It never ceases to amaze me the role that technology plays in education and the acquisition of new skills. For example, yesterday was a snow day, despite the fact that my daughter didn’t have school and I wasn’t teaching in a typical classroom setting there was tons of learning occurring in my house.
While I was lesson planning in Google Drive, creating new ASSISTments for a PD session, and attending 3DGameLab camp on video game design, my 8 year old was asking for more practice work in Khan Academy and learning about computers on Discovery Kids Puterbugs. Even today with a sick day for one of my kiddos I’ll still be working from home and as she feels better I am sure there will be Khan and Puterbugs in her future. Yet, this independent learning and working from home still hasn’t permeated the walls of most educational institutions. The change process in education seems as though it plugs along at such a slow pace that it is always behind the needs of society.

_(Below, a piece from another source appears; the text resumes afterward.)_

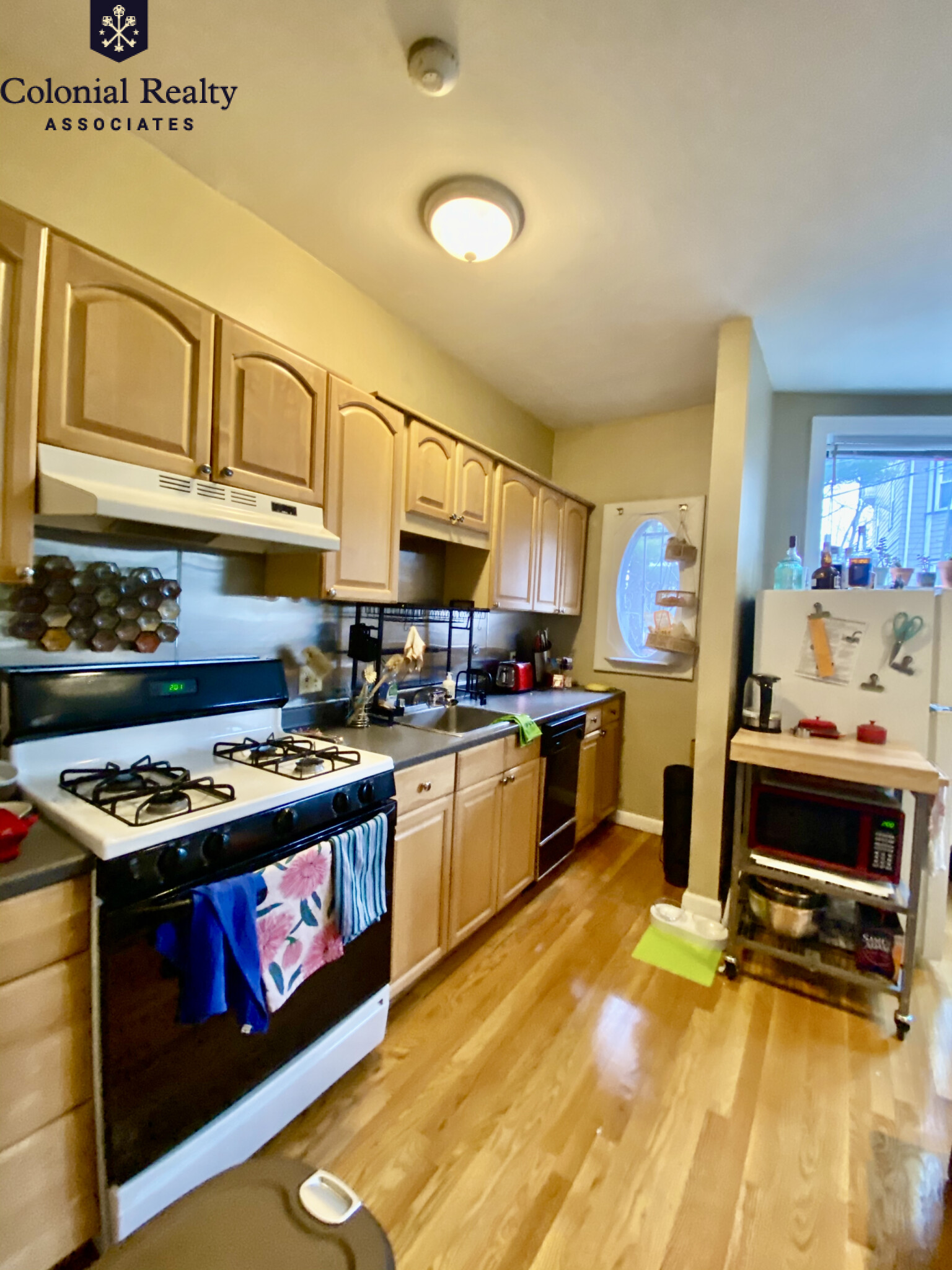 21 Highgate St, Allston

Maybe it doesn’t need to be a snow day where it counts as a missed day of school. These days could be educational opportunities for digital learning. However, with parts of the country still without internet access, the digital divide impedes this as an option in rural communities. Certainly, this is an option that could be explored more in the future. Think of the financial savings of this day not being added to the end of the year. One less day that the school busses need to run. One less day the lights need to be on in the classroom. Just because we are not in the physical four walls of a brick and mortar school doesn’t means that learning can’t occur. Even at the elementary level this is a possibility with the right supports for teacher professional development and technology resources in place.